A Lorenzo le vinieron a la cabeza dos
nombres propios: Bowie y Castle. No le parecía muy profesional
confesar que la idea surgió a medias de un brainstorming con su amigo Miguel usando el método
que David Bowie emplea para componer sus canciones, y de una
imaginaria partida de poker en un sueño
ciertamente estrafalario con Richard Castle y sus amigos
escritores.
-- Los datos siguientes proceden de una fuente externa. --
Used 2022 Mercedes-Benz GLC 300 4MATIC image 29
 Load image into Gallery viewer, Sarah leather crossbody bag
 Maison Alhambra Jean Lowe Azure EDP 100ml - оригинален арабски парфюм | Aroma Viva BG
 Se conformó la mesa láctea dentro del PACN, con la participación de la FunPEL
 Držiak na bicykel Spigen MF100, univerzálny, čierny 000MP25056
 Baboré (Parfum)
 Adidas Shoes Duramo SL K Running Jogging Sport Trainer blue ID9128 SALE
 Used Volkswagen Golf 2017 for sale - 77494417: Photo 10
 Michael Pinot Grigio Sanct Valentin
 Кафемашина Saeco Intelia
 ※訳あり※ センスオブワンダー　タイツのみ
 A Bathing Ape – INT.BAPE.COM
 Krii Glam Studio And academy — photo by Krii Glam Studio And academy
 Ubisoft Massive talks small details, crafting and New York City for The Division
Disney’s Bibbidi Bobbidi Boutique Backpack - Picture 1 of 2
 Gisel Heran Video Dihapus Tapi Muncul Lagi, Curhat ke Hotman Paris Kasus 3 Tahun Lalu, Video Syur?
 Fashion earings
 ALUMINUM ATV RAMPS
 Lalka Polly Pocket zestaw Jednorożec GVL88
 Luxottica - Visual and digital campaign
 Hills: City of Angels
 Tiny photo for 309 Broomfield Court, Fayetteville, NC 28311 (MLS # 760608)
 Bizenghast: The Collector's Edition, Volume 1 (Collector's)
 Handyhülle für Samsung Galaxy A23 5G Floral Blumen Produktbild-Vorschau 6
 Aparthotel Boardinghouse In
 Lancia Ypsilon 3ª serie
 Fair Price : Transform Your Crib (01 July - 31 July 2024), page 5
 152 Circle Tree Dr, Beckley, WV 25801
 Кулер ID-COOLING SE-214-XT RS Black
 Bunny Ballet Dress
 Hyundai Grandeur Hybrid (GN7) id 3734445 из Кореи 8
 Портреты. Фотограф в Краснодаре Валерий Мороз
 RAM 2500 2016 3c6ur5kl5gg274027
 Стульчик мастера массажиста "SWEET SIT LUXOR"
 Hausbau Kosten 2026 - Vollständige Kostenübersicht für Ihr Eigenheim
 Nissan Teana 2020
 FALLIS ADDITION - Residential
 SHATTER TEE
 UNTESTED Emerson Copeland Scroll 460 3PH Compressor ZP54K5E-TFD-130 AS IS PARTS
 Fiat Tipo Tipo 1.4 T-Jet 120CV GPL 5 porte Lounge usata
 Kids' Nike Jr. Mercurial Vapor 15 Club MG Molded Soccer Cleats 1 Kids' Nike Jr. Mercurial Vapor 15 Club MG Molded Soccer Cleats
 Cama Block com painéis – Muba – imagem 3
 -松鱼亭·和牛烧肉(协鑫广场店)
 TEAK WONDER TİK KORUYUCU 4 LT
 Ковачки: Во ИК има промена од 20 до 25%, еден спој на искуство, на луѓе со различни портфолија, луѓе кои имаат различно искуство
Se limitó a decir:
—Le di vueltas y vueltas y más vueltas...
hasta que surgió.
—Pues tiene bastante sentido.
—A mí también me gusta... el único problema
es que no tengo ninguna prueba.
—Ya...
—Claro que... —Se le iluminó la bombilla
mientras decía—: Yo no tengo los recursos que tenéis vosotros, no
puedo acceder a las bases de datos —estuvo tentado de decir que sí,
a través de su amigo informático, Roberto, que era capaz de
hackear casi cualquier cosa—, no puedo
encontrar vínculos entre diferentes personas, o no al menos del
mismo modo que podéis vosotros.
—¿Qué propones?
—Poner sobre la mesa todos los nombres,
datos, hábitos, familia, amigos, contactos, aficiones... de los
principales implicados, y tratar de extraer algún factor
común.
—En cierto modo, supongo que ya lo hemos
hecho —replicó Daniel.
—Supongo... Pero me refiero a escarbar entre
toda la maraña de datos que tengáis de cada uno de los sospechosos
de forma exhaustiva, confeccionar algún tipo de tablas o listados
esquemáticos y ver si hay algo que tengan en común dos o más
personas, cualquier cosa, por pequeña que sea. Muchas veces los
casos se resuelven por un pequeño detalle que inicialmente había
sido pasado por alto.
Al menos en las series y las películas solía
ser así.
—Quizá tengas razón.
—Es sólo una idea.
—Partiendo de la base de que el crimen sea
obra de un par de cómplices.
—Sí, bueno. Ésa es mi premisa.
—Esto me recuerda aquella frase de Groucho:
«Éstos son mis principios».
—«Si no le gustan, tengo otros» —completó
Lorenzo.
Ambos investigadores sonrieron.
Indudablemente estaban en la misma onda.
—¿Le vas a decir algo a tu compañero sobre
nuestra charla?
—No creo. No le veo muy receptivo respecto a
ti, no te ofendas.
—No me ofendo.
—Pero sí creo que puedo encauzar las cosas
para que parezca que ha sido idea mía, sin tener que
mencionarte...
—Eso estaría bien.
—¿La viuda te va a pagar igual, aunque
seamos nosotros quienes resolvamos el caso?
—Sí. Por supuesto.
—¿Seguro?
—No me cabe la menor duda.
—Bien, tengo que irme; aún no he comido y si
llego tarde al trabajo, Maxi me lo echará en cara.
—Una última cosa —recordó de pronto
Lorenzo—. ¿Tenéis algún indicio sobre quién metió la carta
amenazante en el buzón de Margarita?
—Qué va... Las letras parecen recortadas de
varios catálogos de supermercados...
—Sí. Ya lo había comprobado yo.
—Pero de momento no tenemos nada sobre el
que lo hizo. Voy a intentar interceder para que mantengan la
vigilancia sobre su casa de todos modos, al menos dos o tres días
más.
—Te lo agradezco.
—Es mi trabajo. Lo dicho, tengo que
irme.
—Espero que podamos volver a hablar.
—Tienes mi número, y yo tengo el tuyo.
—¿Qué horas son buenas para llamar?
—Ésta. A mediodía. O de noche, a partir de
las nueve y media o diez. Pero mejor mándame un mensaje antes y ya
te llamo yo en tal caso.
—Perfecto.
—Ha sido... interesante compartir teorías
contigo.
—Lo mismo digo.
Se dieron la mano. Un apretón firme, sereno,
mirándose a los ojos sin el más mínimo atisbo de hostilidad.
Lorenzo estaba seguro de no haberse equivocado en lo que le dijo a
Miguel: en Daniel tenía a un aliado.